> [Given records]:
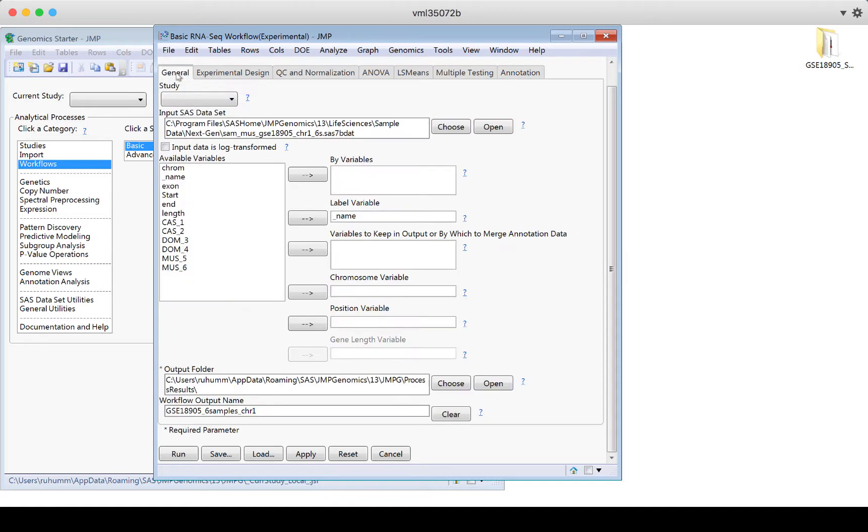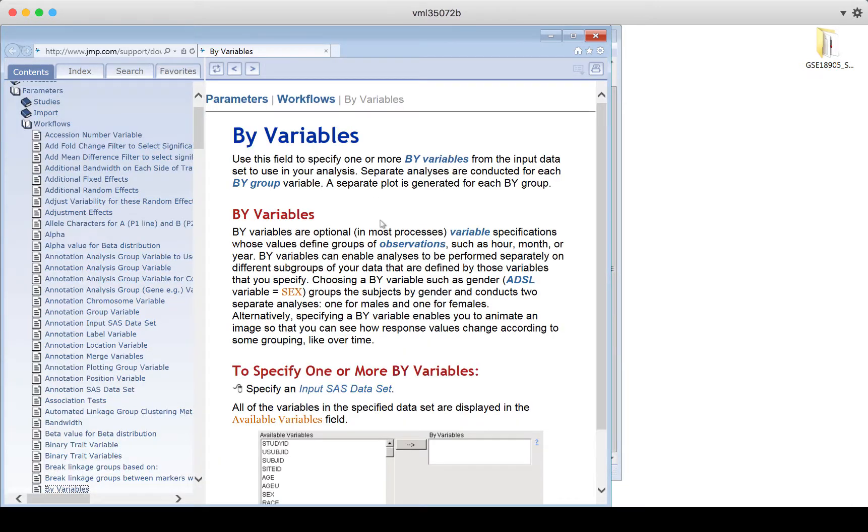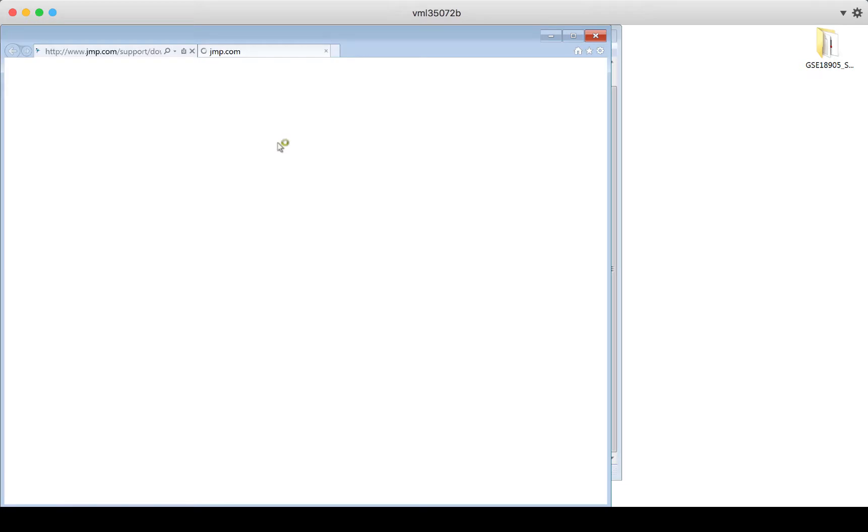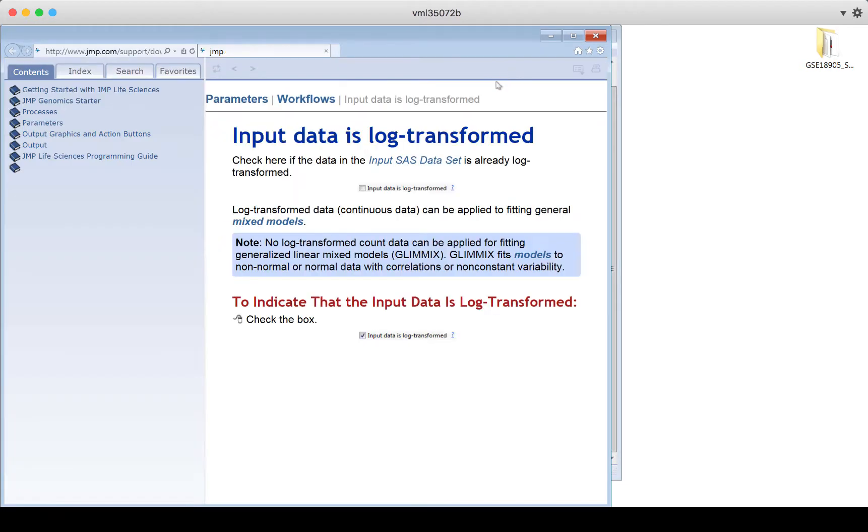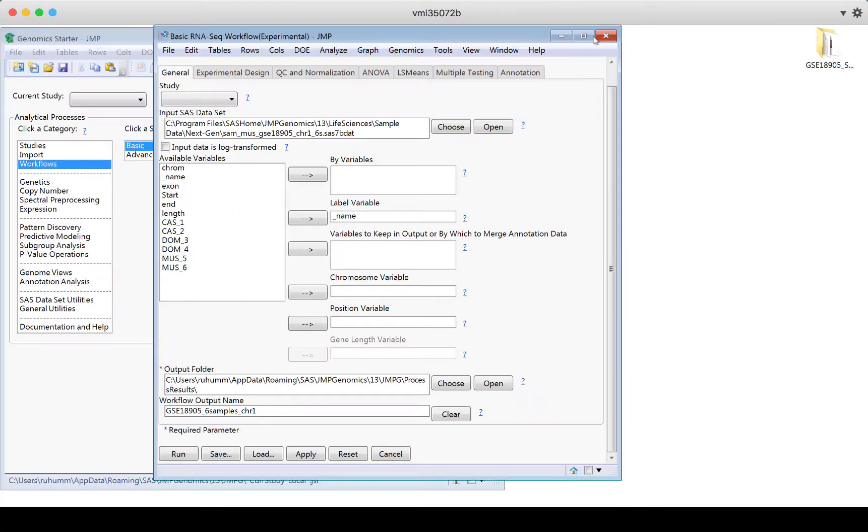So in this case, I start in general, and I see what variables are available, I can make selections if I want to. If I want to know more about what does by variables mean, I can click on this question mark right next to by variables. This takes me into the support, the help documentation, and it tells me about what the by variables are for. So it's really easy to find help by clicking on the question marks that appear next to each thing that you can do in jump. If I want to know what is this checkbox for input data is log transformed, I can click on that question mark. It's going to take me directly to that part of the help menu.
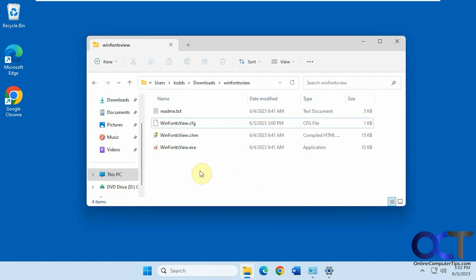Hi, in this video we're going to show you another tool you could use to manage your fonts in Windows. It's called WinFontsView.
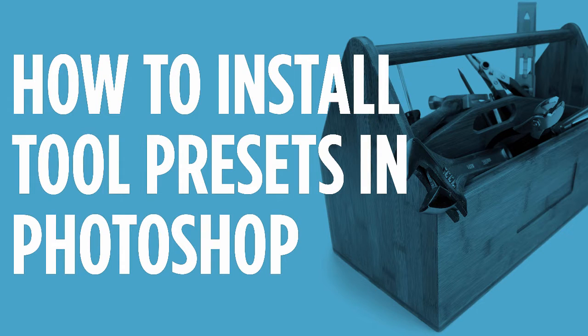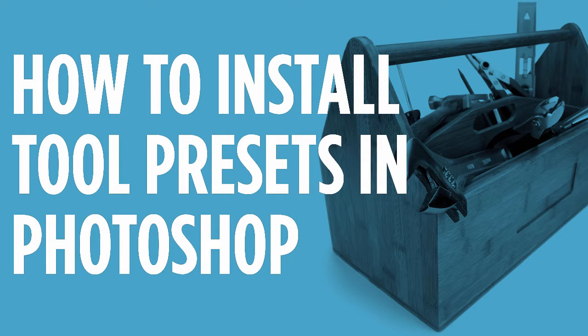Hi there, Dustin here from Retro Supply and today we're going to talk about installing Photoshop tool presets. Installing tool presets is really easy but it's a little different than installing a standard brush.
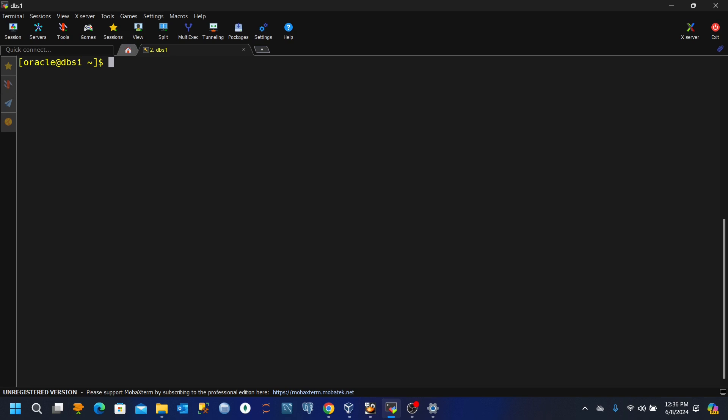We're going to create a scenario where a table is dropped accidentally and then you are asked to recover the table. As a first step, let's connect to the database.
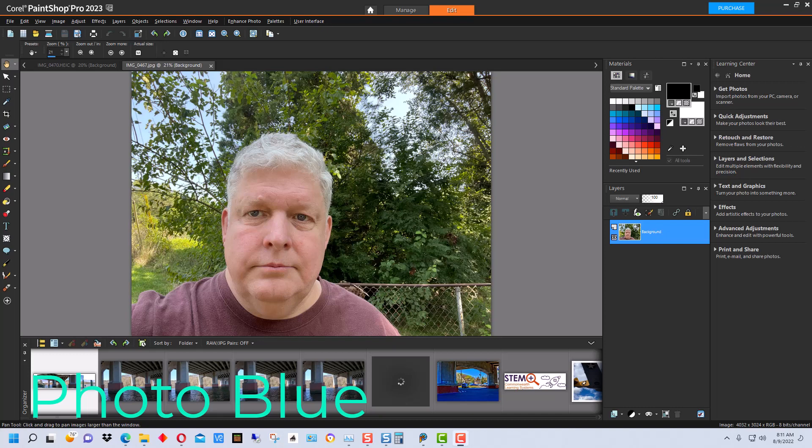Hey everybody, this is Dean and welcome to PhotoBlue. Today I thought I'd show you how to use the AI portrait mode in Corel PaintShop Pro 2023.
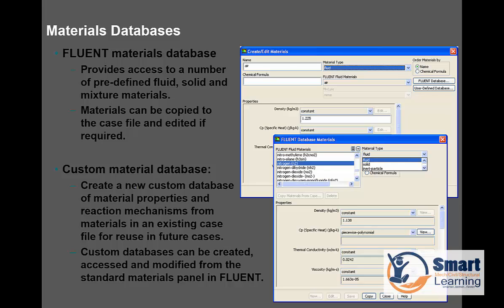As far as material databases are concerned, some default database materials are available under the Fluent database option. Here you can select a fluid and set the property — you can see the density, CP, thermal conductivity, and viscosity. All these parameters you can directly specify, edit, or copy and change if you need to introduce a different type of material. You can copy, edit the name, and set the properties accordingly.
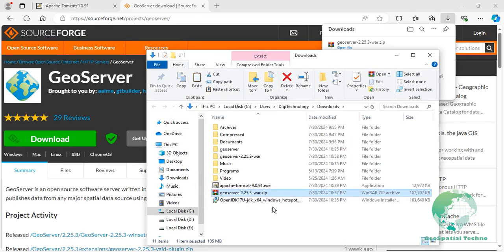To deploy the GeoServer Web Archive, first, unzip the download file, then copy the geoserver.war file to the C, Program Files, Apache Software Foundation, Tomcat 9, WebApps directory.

> [Task statement]: Type out all the records verbatim, minus images.

> [Exercise output]:
So in this case, I start in general, and I see what variables are available, I can make selections if I want to. If I want to know more about what does by variables mean, I can click on this question mark right next to by variables. This takes me into the support, the help documentation, and it tells me about what the by variables are for. So it's really easy to find help by clicking on the question marks that appear next to each thing that you can do in jump. If I want to know what is this checkbox for input data is log transformed, I can click on that question mark. It's going to take me directly to that part of the help menu.
Hi, in this video we're going to show you another tool you could use to manage your fonts in Windows. It's called WinFontsView.
Hi there, Dustin here from Retro Supply and today we're going to talk about installing Photoshop tool presets. Installing tool presets is really easy but it's a little different than installing a standard brush.
We're going to create a scenario where a table is dropped accidentally and then you are asked to recover the table. As a first step, let's connect to the database.
Hey everybody, this is Dean and welcome to PhotoBlue. Today I thought I'd show you how to use the AI portrait mode in Corel PaintShop Pro 2023.
As far as material databases are concerned, some default database materials are available under the Fluent database option. Here you can select a fluid and set the property — you can see the density, CP, thermal conductivity, and viscosity. All these parameters you can directly specify, edit, or copy and change if you need to introduce a different type of material. You can copy, edit the name, and set the properties accordingly.
To deploy the GeoServer Web Archive, first, unzip the download file, then copy the geoserver.war file to the C, Program Files, Apache Software Foundation, Tomcat 9, WebApps directory.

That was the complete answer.